**EXERCISE INSTRUCTIONS**
Output only the lines below that start at the line containing "De Fazant-Areas summer 5km" and end at the line containing "Podręcznik psychologii Paul", with both ends kept.

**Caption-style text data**

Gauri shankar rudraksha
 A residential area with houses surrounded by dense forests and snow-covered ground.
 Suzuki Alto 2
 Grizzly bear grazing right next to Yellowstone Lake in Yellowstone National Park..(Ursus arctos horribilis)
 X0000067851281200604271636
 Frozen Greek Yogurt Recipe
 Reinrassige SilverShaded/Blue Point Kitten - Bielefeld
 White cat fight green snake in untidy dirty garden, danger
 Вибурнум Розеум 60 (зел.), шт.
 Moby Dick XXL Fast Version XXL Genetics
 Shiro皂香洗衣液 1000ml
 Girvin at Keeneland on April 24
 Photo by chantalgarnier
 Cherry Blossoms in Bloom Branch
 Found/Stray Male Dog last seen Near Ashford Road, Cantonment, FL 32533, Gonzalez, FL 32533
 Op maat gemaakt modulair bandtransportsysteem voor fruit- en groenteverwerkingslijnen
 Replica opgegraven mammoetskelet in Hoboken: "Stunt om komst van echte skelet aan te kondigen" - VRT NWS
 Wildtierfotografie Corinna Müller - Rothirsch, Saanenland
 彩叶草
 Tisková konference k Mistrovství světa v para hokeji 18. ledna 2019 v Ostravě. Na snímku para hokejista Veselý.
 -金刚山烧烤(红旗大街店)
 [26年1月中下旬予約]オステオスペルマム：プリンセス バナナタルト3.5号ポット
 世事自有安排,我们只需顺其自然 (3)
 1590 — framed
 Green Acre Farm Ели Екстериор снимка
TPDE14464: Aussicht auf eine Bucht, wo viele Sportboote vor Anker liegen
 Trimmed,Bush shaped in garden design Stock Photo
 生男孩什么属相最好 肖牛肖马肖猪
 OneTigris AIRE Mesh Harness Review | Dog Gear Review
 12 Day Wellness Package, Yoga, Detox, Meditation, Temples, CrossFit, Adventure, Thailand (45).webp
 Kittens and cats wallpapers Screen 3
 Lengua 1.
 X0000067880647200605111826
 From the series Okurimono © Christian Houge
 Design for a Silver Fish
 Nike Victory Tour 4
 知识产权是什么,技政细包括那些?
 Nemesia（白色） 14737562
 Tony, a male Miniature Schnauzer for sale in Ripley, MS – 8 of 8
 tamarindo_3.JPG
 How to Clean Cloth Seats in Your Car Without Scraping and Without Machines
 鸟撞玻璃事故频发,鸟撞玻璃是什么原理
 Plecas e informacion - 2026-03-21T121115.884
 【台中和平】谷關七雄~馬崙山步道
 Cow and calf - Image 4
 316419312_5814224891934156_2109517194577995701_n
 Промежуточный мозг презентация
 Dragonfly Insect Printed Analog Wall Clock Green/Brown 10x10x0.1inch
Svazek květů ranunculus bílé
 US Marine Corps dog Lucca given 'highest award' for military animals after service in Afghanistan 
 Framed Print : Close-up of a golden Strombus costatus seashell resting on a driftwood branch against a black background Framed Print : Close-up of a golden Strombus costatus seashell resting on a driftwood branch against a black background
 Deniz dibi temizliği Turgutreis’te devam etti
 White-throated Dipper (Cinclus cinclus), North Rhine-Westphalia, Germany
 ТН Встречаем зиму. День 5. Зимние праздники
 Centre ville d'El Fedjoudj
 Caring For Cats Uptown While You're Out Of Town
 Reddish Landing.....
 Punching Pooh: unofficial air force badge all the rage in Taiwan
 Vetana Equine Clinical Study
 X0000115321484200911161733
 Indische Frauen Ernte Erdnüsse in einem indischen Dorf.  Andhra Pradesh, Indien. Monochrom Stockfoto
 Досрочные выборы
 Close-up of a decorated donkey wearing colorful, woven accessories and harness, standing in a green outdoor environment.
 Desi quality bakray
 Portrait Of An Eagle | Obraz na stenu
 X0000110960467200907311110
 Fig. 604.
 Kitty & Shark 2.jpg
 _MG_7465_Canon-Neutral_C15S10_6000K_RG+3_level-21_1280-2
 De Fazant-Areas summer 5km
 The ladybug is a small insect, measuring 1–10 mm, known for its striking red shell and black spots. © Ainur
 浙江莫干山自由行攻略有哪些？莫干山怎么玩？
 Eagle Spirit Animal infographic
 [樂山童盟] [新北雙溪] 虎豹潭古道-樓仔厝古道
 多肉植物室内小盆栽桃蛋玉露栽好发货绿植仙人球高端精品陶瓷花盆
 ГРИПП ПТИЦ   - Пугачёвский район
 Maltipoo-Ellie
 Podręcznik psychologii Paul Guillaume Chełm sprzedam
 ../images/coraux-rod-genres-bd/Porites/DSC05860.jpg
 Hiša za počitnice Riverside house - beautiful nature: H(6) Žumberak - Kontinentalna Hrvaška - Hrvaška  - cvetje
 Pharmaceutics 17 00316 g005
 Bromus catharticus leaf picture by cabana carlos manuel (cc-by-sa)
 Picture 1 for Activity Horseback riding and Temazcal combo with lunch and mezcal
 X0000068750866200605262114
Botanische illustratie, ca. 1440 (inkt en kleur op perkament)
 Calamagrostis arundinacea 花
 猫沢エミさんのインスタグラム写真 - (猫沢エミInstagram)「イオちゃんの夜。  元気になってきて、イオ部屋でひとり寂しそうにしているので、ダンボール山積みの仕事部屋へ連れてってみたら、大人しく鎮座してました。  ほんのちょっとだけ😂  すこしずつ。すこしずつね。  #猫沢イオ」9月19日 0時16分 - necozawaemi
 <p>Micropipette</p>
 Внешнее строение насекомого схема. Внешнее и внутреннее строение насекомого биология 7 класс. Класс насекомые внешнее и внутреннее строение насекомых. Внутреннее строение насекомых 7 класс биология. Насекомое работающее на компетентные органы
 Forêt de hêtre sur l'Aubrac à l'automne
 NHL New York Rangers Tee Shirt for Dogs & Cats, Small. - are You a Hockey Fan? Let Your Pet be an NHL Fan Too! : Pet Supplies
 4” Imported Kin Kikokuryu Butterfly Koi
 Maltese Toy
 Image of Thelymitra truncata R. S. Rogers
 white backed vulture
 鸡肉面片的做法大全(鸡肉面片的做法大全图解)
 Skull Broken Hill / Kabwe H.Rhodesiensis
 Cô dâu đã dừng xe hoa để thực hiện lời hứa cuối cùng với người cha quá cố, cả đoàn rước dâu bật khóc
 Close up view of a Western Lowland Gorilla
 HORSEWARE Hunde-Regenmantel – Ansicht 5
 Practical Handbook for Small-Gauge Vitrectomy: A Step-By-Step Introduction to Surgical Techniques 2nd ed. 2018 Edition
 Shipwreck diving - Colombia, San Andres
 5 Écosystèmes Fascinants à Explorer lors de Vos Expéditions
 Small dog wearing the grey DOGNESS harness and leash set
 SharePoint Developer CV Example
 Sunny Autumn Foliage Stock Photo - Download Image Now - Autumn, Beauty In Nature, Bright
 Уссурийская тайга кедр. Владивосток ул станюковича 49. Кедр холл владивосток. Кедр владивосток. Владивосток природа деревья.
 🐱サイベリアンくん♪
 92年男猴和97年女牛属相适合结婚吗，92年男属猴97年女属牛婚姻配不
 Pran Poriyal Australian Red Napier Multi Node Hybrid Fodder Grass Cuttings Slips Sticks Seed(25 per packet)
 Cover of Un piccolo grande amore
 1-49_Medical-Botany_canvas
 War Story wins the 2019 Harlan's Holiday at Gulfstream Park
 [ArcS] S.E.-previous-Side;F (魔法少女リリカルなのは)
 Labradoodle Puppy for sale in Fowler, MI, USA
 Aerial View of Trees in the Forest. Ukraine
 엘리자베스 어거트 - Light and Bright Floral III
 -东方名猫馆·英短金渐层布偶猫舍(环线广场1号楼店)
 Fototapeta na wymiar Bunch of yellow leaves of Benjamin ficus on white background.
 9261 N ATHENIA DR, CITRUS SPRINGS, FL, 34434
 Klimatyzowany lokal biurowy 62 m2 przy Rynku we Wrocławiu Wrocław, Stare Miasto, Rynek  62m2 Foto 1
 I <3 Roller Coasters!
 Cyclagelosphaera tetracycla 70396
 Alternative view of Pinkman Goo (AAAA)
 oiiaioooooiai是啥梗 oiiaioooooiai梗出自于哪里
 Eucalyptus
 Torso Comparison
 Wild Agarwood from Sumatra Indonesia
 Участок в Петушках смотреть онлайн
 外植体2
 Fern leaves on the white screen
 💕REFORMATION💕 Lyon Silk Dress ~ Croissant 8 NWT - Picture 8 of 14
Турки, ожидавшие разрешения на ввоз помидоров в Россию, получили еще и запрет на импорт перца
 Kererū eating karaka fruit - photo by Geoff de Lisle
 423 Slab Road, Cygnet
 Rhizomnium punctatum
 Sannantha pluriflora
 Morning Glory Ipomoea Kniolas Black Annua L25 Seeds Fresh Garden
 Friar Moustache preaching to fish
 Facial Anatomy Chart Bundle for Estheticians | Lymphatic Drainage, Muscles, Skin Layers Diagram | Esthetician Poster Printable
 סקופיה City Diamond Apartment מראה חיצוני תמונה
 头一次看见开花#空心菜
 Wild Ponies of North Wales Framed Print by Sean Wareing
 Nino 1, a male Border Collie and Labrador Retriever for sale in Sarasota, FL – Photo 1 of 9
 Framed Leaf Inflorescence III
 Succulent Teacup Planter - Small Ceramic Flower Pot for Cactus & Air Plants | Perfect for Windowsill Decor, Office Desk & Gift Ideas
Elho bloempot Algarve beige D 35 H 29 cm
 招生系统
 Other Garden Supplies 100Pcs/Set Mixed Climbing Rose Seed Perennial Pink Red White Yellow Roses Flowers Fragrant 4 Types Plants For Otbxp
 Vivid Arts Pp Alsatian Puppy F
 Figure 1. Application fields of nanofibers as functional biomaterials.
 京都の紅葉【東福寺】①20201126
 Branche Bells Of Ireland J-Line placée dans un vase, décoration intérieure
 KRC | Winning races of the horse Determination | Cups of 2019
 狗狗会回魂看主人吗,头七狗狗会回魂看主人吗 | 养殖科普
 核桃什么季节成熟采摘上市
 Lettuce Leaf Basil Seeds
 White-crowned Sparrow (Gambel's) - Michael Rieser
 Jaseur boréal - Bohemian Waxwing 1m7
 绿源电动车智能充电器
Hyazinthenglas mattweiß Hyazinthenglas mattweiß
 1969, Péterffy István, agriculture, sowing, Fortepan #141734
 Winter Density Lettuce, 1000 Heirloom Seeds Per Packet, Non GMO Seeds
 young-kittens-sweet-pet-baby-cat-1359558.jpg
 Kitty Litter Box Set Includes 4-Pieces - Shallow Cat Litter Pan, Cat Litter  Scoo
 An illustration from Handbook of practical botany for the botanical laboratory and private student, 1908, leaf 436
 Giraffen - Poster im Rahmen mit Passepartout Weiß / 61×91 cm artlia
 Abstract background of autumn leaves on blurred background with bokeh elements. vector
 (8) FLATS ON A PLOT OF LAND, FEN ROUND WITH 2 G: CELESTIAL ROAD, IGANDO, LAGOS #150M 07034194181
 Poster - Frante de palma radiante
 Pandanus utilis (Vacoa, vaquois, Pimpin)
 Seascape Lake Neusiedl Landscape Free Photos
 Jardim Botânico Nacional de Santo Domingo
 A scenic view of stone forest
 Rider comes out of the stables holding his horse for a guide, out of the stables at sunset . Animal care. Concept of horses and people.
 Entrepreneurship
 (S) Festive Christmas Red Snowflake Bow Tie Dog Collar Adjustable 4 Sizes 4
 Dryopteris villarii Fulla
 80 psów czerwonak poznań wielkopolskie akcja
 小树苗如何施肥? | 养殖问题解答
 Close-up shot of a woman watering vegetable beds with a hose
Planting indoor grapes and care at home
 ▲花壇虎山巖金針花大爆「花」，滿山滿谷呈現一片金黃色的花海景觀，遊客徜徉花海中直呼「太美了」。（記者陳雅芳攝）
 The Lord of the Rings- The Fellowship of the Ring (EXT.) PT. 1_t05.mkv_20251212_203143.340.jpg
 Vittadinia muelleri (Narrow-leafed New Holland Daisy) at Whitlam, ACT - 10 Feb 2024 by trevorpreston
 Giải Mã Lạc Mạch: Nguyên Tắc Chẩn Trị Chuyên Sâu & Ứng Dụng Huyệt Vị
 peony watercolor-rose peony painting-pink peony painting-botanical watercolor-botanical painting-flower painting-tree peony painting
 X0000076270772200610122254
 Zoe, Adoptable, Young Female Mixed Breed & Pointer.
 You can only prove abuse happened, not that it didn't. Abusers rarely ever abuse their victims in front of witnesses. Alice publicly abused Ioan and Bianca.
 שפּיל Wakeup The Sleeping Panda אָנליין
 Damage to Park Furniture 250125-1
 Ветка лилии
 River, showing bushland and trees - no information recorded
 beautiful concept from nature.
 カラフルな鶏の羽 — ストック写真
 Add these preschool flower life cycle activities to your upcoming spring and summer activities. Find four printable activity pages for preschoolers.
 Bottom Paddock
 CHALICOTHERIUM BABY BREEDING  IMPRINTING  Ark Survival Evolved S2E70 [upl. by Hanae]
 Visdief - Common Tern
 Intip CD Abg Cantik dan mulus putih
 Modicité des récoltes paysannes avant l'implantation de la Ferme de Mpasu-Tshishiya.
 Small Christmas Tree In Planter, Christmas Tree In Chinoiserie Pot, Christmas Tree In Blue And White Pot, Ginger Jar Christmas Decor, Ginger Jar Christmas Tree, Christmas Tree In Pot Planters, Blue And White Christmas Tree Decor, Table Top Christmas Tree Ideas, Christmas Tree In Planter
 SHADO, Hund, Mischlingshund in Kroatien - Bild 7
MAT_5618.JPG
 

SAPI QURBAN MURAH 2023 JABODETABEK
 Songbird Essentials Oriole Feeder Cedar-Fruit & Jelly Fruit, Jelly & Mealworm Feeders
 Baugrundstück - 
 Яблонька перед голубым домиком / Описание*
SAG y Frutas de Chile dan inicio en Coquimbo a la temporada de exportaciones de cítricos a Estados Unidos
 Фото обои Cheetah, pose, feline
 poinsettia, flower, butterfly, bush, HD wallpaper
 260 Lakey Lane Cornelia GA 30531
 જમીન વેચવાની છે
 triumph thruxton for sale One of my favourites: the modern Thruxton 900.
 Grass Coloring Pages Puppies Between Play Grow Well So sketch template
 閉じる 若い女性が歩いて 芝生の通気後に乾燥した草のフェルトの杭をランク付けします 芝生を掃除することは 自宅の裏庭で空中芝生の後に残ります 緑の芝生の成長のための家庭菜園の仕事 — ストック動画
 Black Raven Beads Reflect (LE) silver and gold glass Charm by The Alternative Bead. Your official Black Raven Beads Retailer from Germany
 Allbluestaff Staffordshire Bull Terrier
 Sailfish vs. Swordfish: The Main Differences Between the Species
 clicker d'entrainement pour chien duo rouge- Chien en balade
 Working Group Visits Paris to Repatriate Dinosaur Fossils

**RESPONSE BELOW**
 De Fazant-Areas summer 5km
 The ladybug is a small insect, measuring 1–10 mm, known for its striking red shell and black spots. © Ainur
 浙江莫干山自由行攻略有哪些？莫干山怎么玩？
 Eagle Spirit Animal infographic
 [樂山童盟] [新北雙溪] 虎豹潭古道-樓仔厝古道
 多肉植物室内小盆栽桃蛋玉露栽好发货绿植仙人球高端精品陶瓷花盆
 ГРИПП ПТИЦ   - Пугачёвский район
 Maltipoo-Ellie
 Podręcznik psychologii Paul Guillaume Chełm sprzedam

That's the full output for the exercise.